An exact copy of all the lines below is required, with every image left out.
....
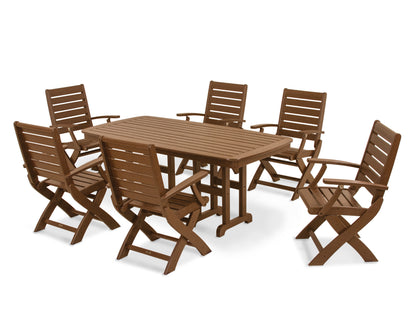 POLYWOOD Signature Folding Chair 7-Piece Dining Set in Teak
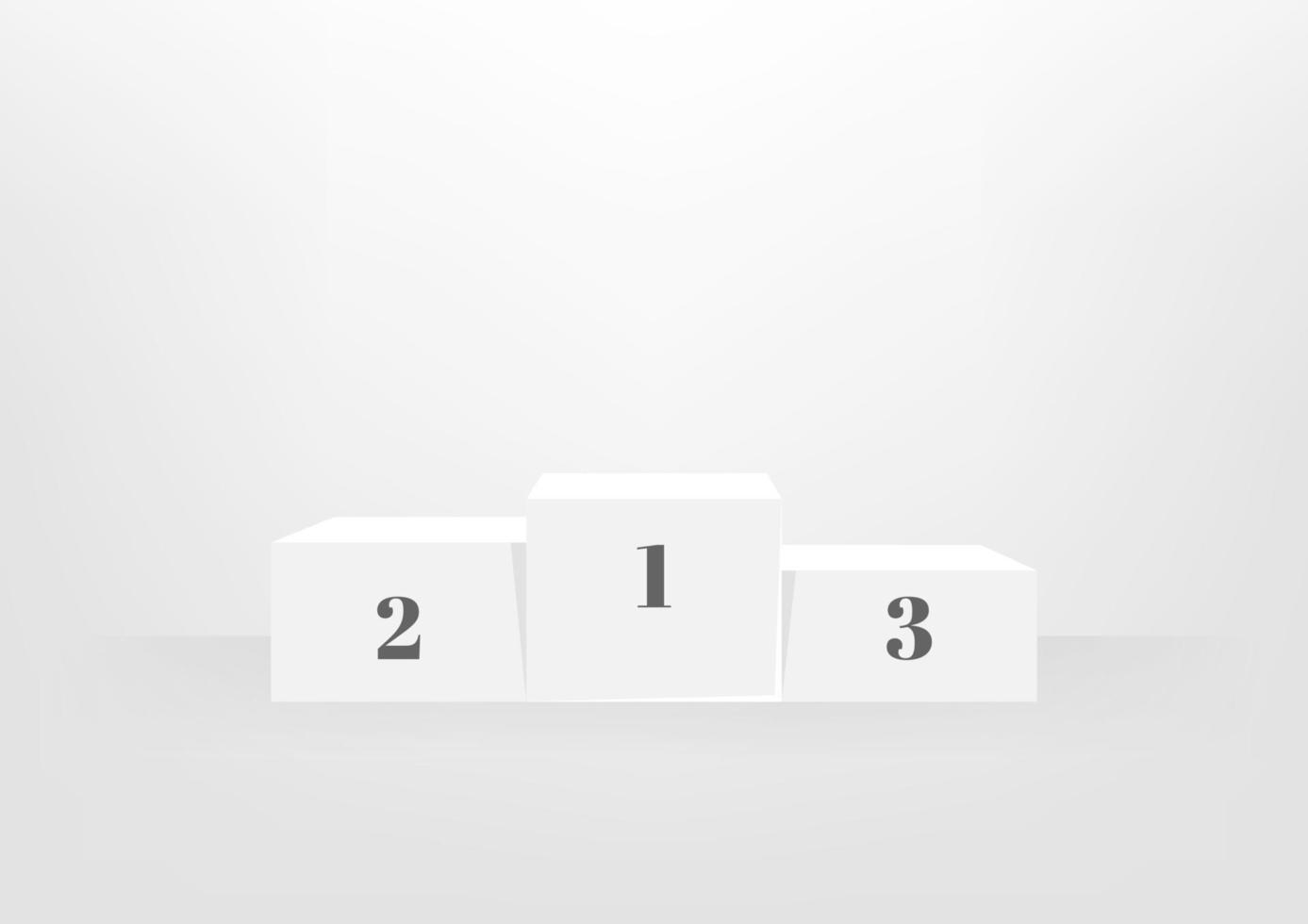 White winners podium on white background. vector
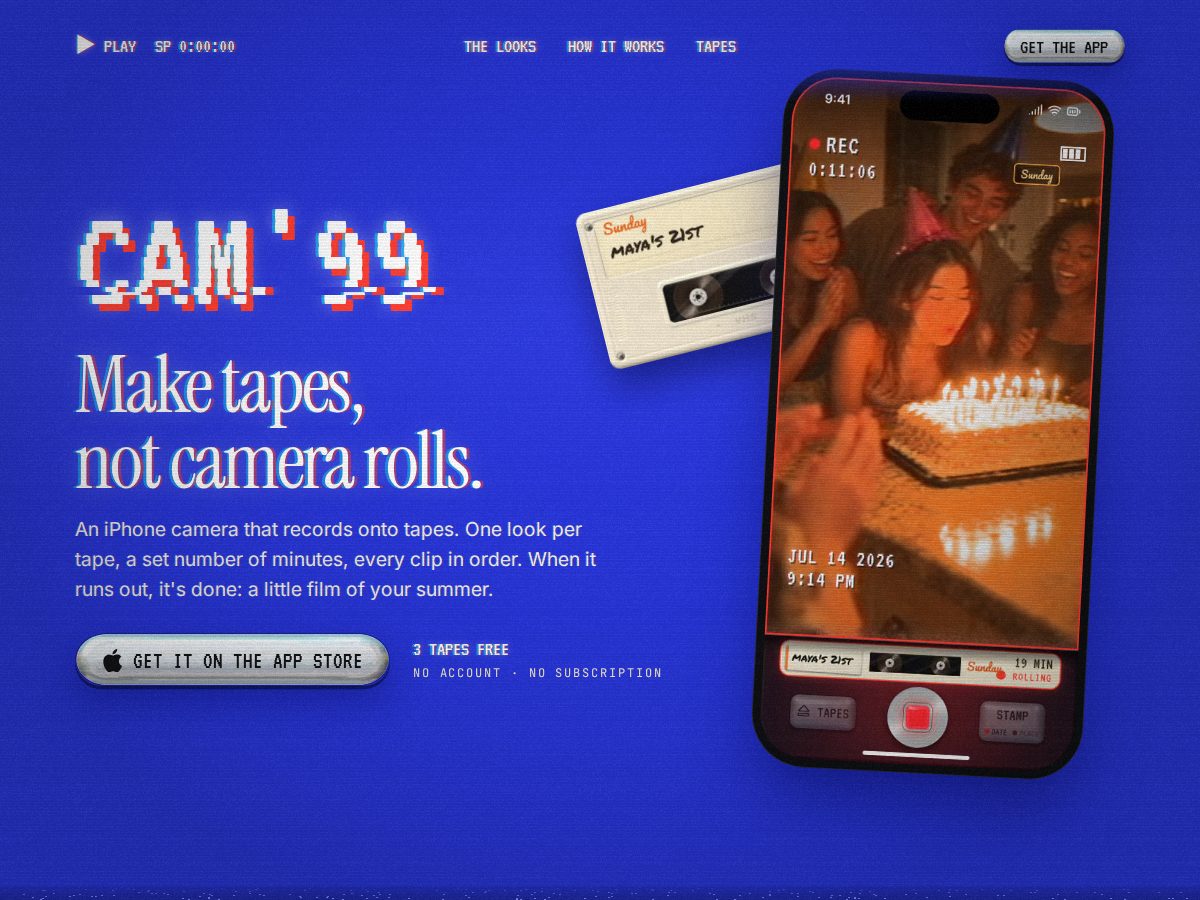 Landing-page snapshot of cam99.app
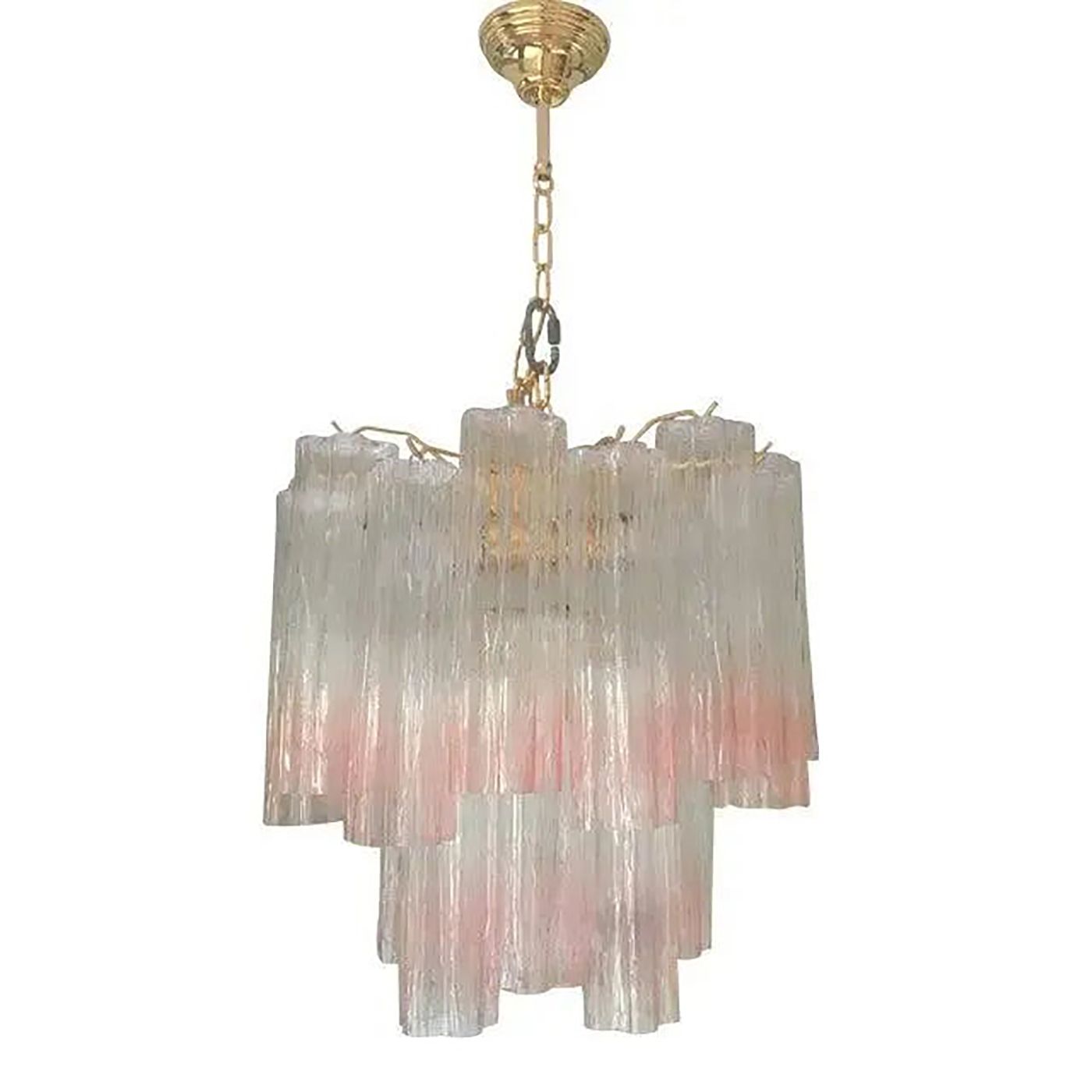 Pair Of Murano Style Glass Vanished Pink Tronchi Venini Style Chandeliers photo Lighting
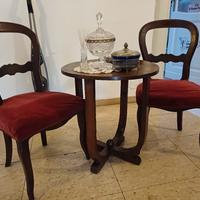 tavolino rotondo basso con 2 sedie legno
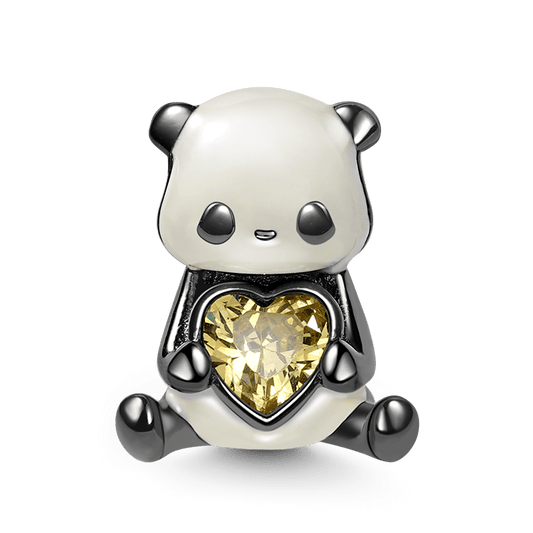 Panda Embraces Heart-shaped Gem Charm Bead Sterling Silver_1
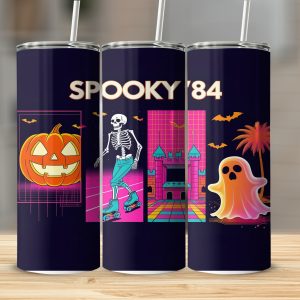 Spooky 84 Digital Sublimation 20oz Tumbler Wrap Digital Download, Halloween Tumbler Design, Retro Halloween, Pumpkin, Skeleton, Ghost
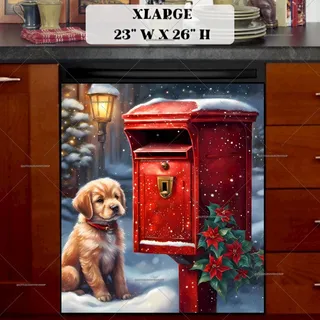 Preview of Puppy Waiting for the Christmas Mail magnet in Extra Large size.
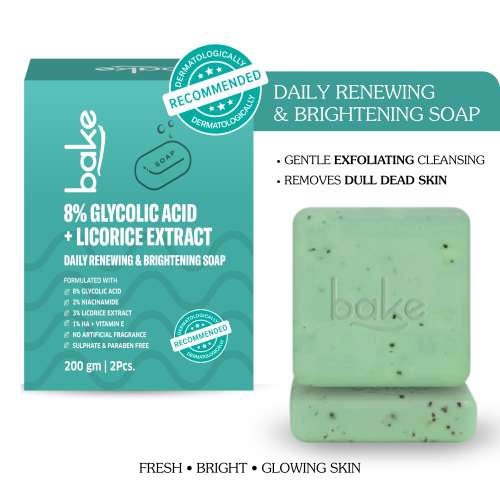 Bake Cosmetics: 8% Glycolic Acid Scrub Treatment Soap For Pigmentation, Exfoliation, Tan Removal & Brightens Underarms - Pack of 2(100gm x 2)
....
→ **RESPONSE AREA**
 POLYWOOD Signature Folding Chair 7-Piece Dining Set in Teak
 White winners podium on white background. vector
 Landing-page snapshot of cam99.app
 Pair Of Murano Style Glass Vanished Pink Tronchi Venini Style Chandeliers photo Lighting
 tavolino rotondo basso con 2 sedie legno
 Panda Embraces Heart-shaped Gem Charm Bead Sterling Silver_1
 Spooky 84 Digital Sublimation 20oz Tumbler Wrap Digital Download, Halloween Tumbler Design, Retro Halloween, Pumpkin, Skeleton, Ghost
 Preview of Puppy Waiting for the Christmas Mail magnet in Extra Large size.
 Bake Cosmetics: 8% Glycolic Acid Scrub Treatment Soap For Pigmentation, Exfoliation, Tan Removal & Brightens Underarms - Pack of 2(100gm x 2)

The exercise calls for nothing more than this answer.